How many remember the old folks hanging a cotton ball on the screen door? My wife and I were talking about that and wondered what good it did.

Google searching brings up some pretty crazy stuff. Anyone else remember that?

Graybeard


----------



## ripjack13 (Jul 13, 2014)

never heard of it till now.....might have to try it out...


----------



## Wildthings (Jul 13, 2014)

Yeah I remember when I was about 15 I went with my girlfriend to her grandmother's place up in Madisonville, TX. Stayed in her old wood frame house with those gas burning heaters in each room. It was early winter and I slept out on the screen-in back porch on a down mattress with heavy quilts on it. I thought I would freeze to death but turned out it was some of the best sleeping I've every done. You just kinda sink down into a hole in that mattress and then it gets warmed up. There was these white fluffing things hanging on the screen door on the outside.
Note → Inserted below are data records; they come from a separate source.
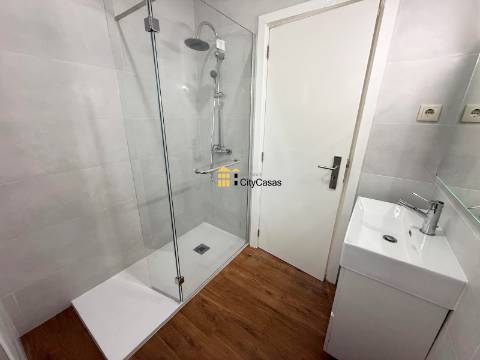 T3 Renovado c/ Garagem em Águas Santas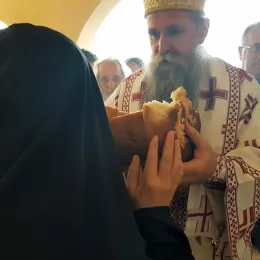 Литургија у манастиру Вазнесења Господњег у Драговољићима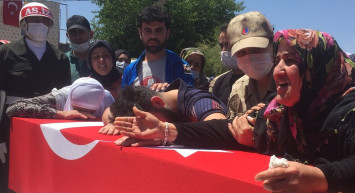 Mardin Gözyaşları İçinde Hatay Şehidi Halit Altun'a Veda Etti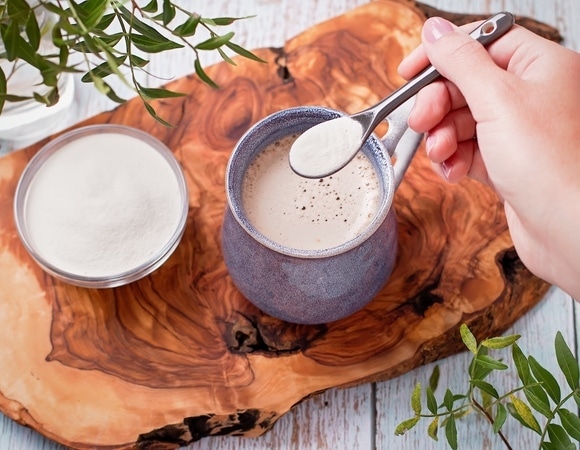 Популярный, но коварный: эксперты объяснили, чем опасен "вирусный" кофе с протеином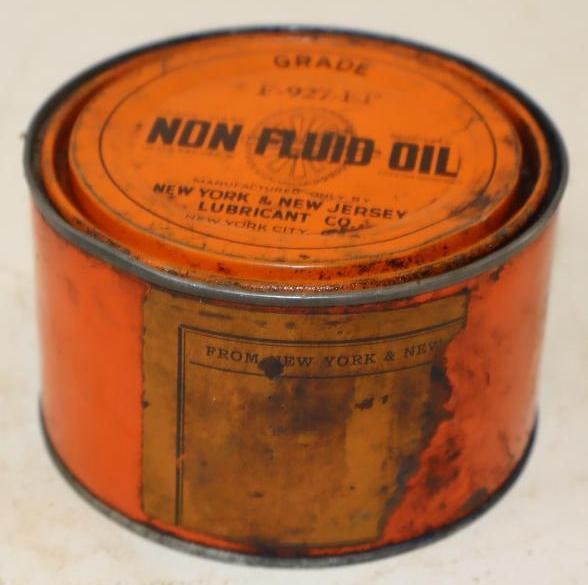 1lb New York and New Jersey Lubricant Company None Fluid Oil Grease Can with Paper Label (1 of 3)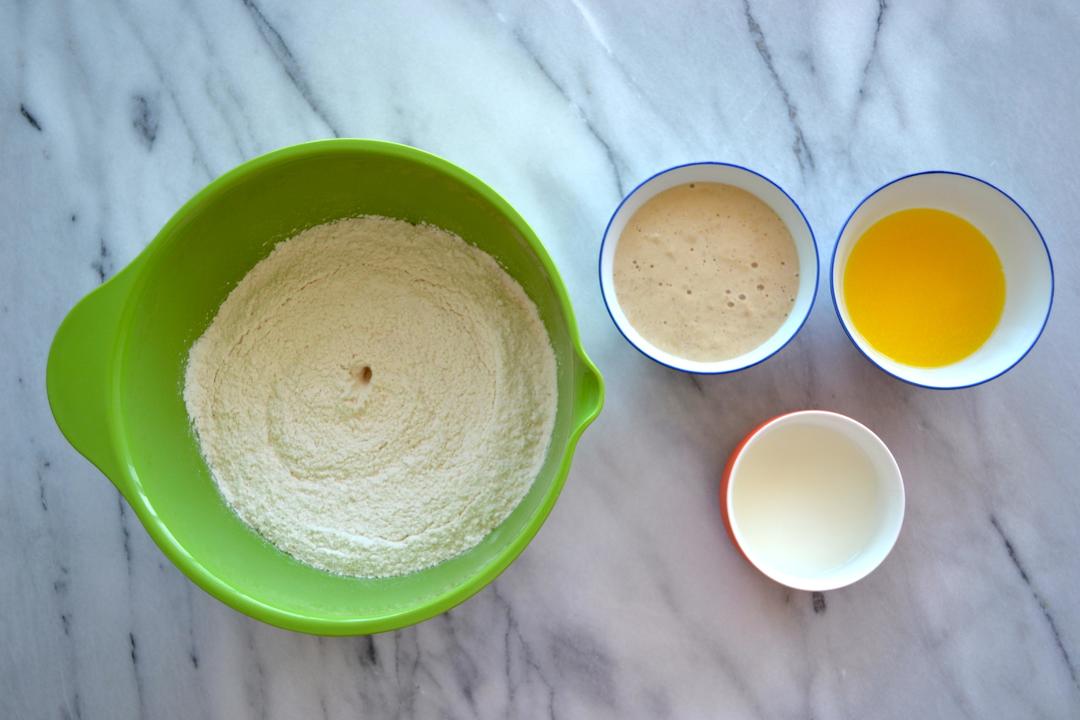 纯奶手撕吐司的做法 步骤1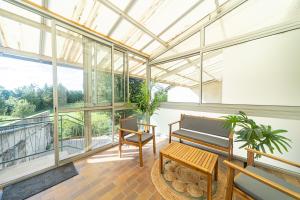 a conservatory with a bench and a table at Escapade en Val de Saône T4 familial & jardin in Thoissey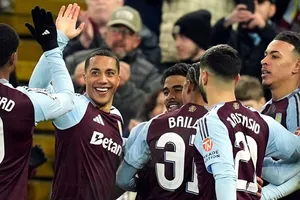 Aston Villa vào tứ kết Champions League trong mùa giải đầu tiên họ trở lại sau 41 năm.
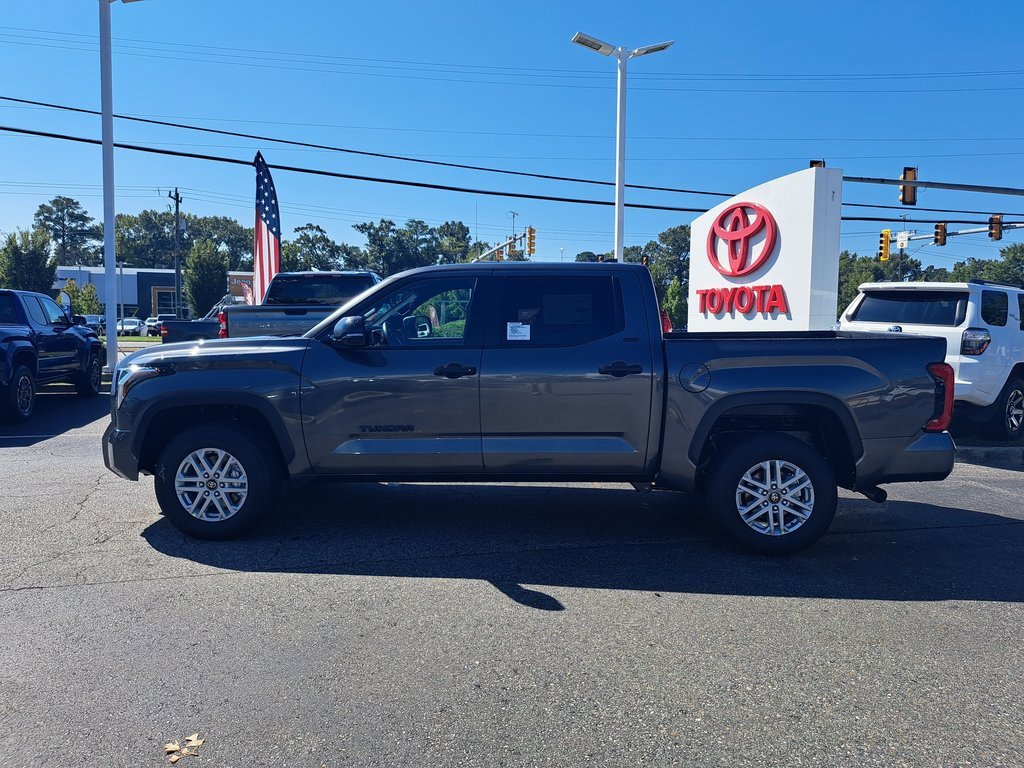 New 2026 Toyota Tundra SR5 image 9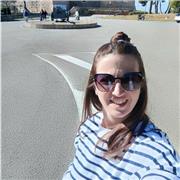 Profesora titulada en primaria, con experiencia previa, fan de buscar diferentes alternativas para cada contenido a enseñar...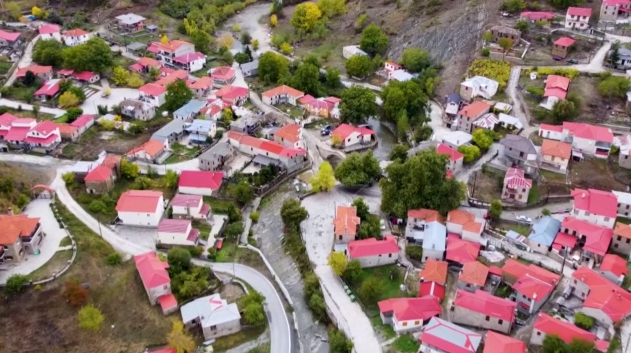 Δότσικο Γρεβενών: Μία νεαρή κοπέλα ζει μόνιμα σε ένα χωριό με 5 κατοίκους και μοιράζεται την εμπειρία της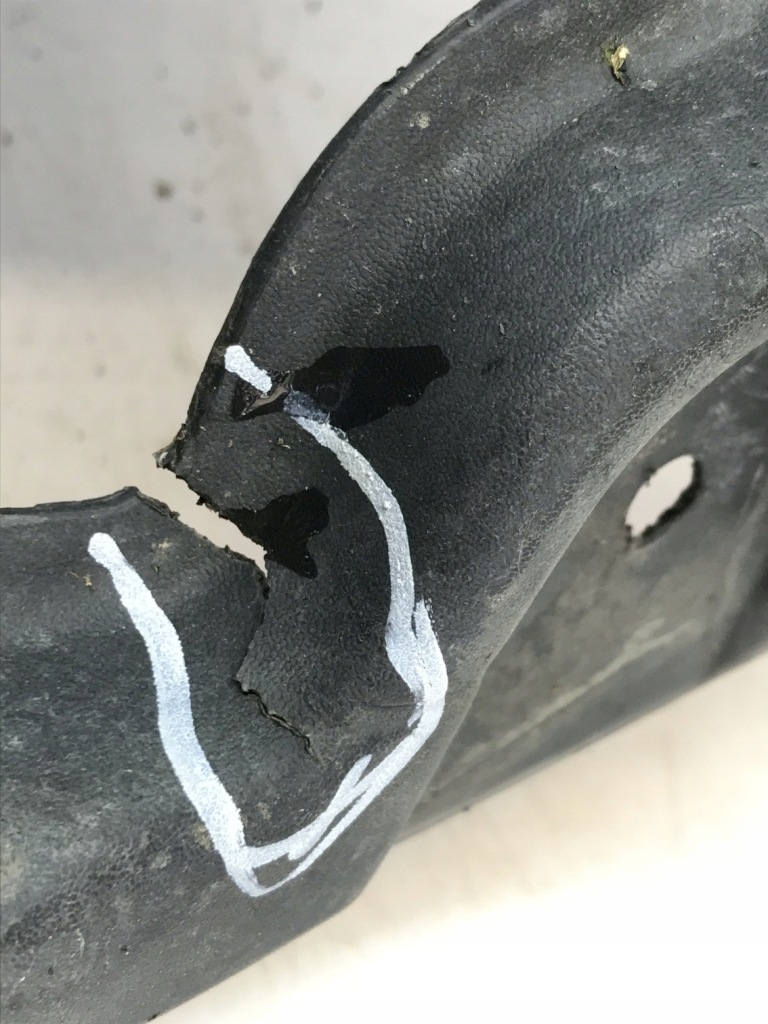 Lexus rx iv накладка плита подвеска задняя 58724-48060 Оригинал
Never did ask what they were for. Many years later I thought about them and found out - fresh picked cotton bolls to keep the flies away. Apparently they worked back in the mid 60s!!! Or maybe cuz it was so dang cold then!!

Reactions: Like 1


----------



## Nature Man (Jul 13, 2014)

Never heard about the magic of cotton balls. Raised in Washington State. Could this be a regional thing? Chuck


----------



## JR Custom Calls (Jul 13, 2014)

I would guess this is a farming country thing... so the south and midwest will probably have more folks that remember it. Can't say that I've ever seen it, but I have heard my papaw mention cotton balls and hedge apples as old school insect control.


----------



## DavidDobbs (Jul 14, 2014)

We had cotton on the screen but it was to fill holes so the bugs didn't get it.


Dave

Reactions: Like 1


----------